Published: 5 September 2011

Abstract

Background

We determined whether the market exclusivity incentive of the European Orphan Drug Regulation results in a market monopoly or that absence of another Orphan Medicinal Product (OMP) for the same rare disorder, a so-called follow-on OMP, is a matter of time or market size. In the interest of rare disorder patients better understanding of the effect of the market exclusivity incentive on follow-on OMP development is warranted.

Methods

First, the impact of various market-, product- and disease-related characteristics on follow-on OMP development in the EU was determined by comparing rare disorders with an approved OMP and at least one follow-on OMP (N = 26), with rare disorders with an approved OMP and no follow-on OMP (N = 18). Next, we determined whether manufacturers continued development of a follow-on OMP upon approval of the first OMP for the intended rare disorder. Since in the EU significant benefit of an OMP has to be established, we determined for each follow-on OMP for which development was continued on what grounds significant benefit was assumed by the sponsor. Data were collected from the public domain only.

Results

The likelihood of a rare disorder with an approved OMP to obtain at least one follow-on OMP development was strongly associated with disease prevalence, turnover of the first OMP, disease class, disease-specific scientific output and age of onset. Out of a total of 120 follow-on OMPs only one follow-on OMP could be identified for which development was discontinued upon approval of the first OMP for the same rare disorder.
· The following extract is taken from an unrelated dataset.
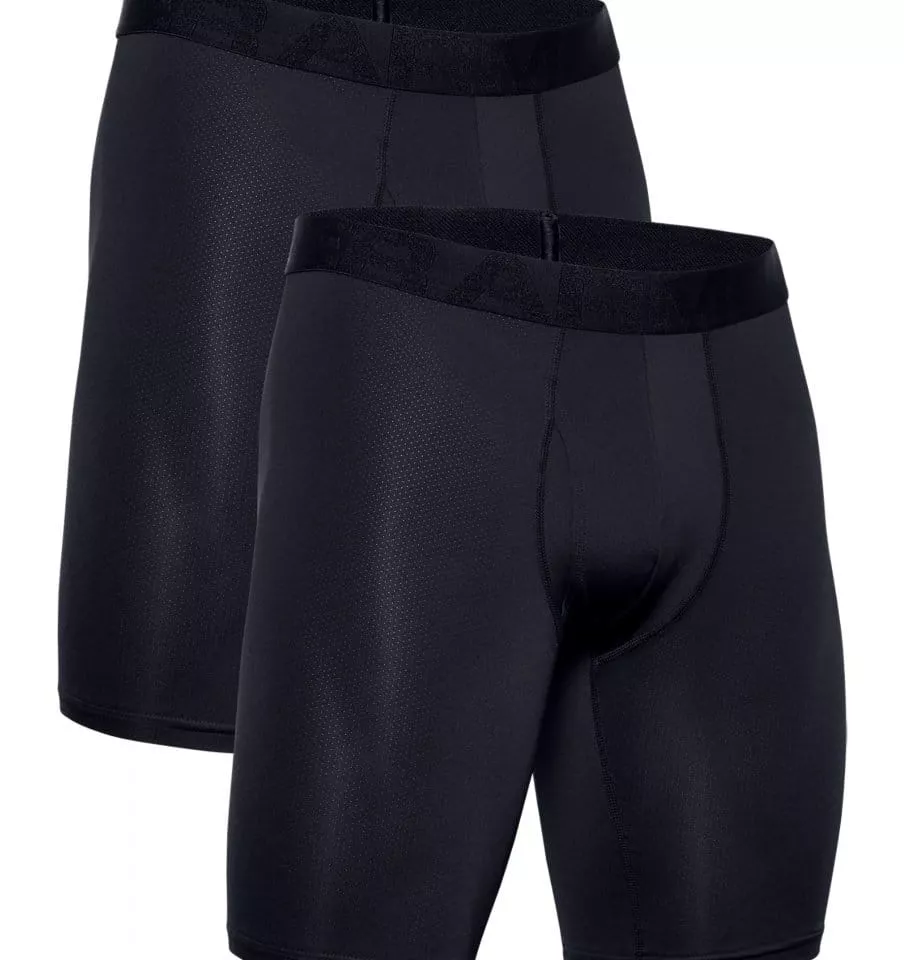 Under Armour UA Tech Mesh 9in 2 Pack Boxeralsók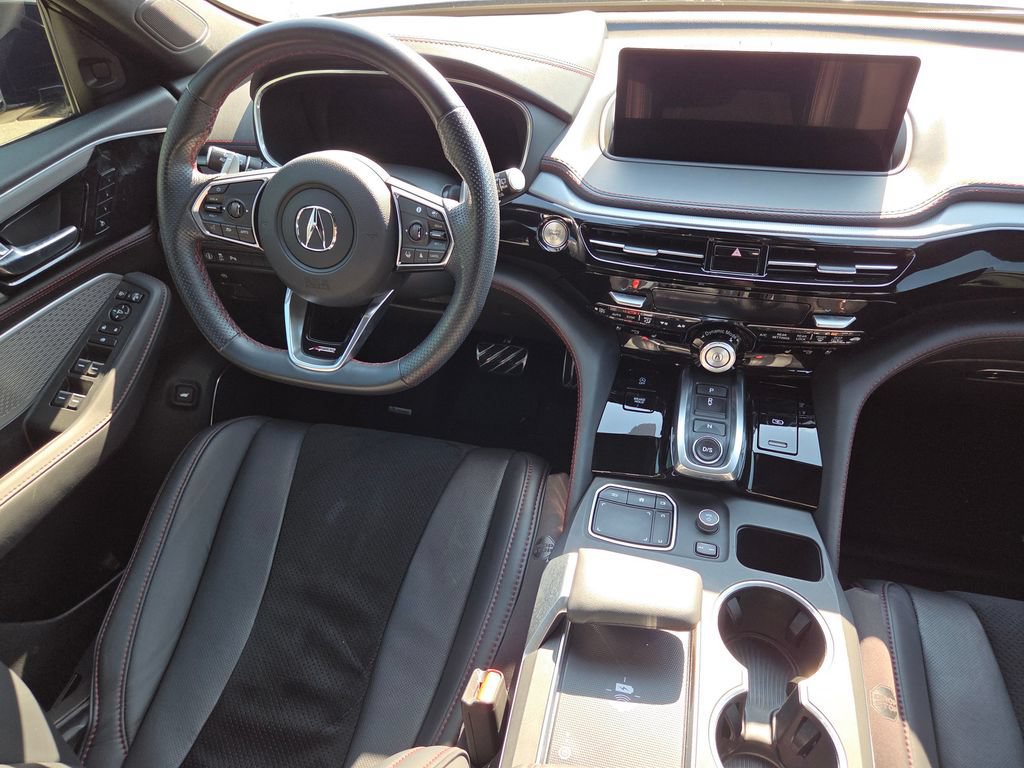 Used 2023 Acura MDX A-Spec AWD/4WD image 37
Only a substantial level of discontinuation of follow-on OMP development would have indicated the existence of a market monopoly. Moreover, sponsors that continued development of a follow-on OMP predominantly assumed that their product had an improved efficacy compared to the first approved OMP.

Conclusions

This study provides evidence that absence of follow-on OMP development is a matter of time or market size, rather than that the market exclusivity incentive of the European Orphan Drug Regulation creates a market monopoly.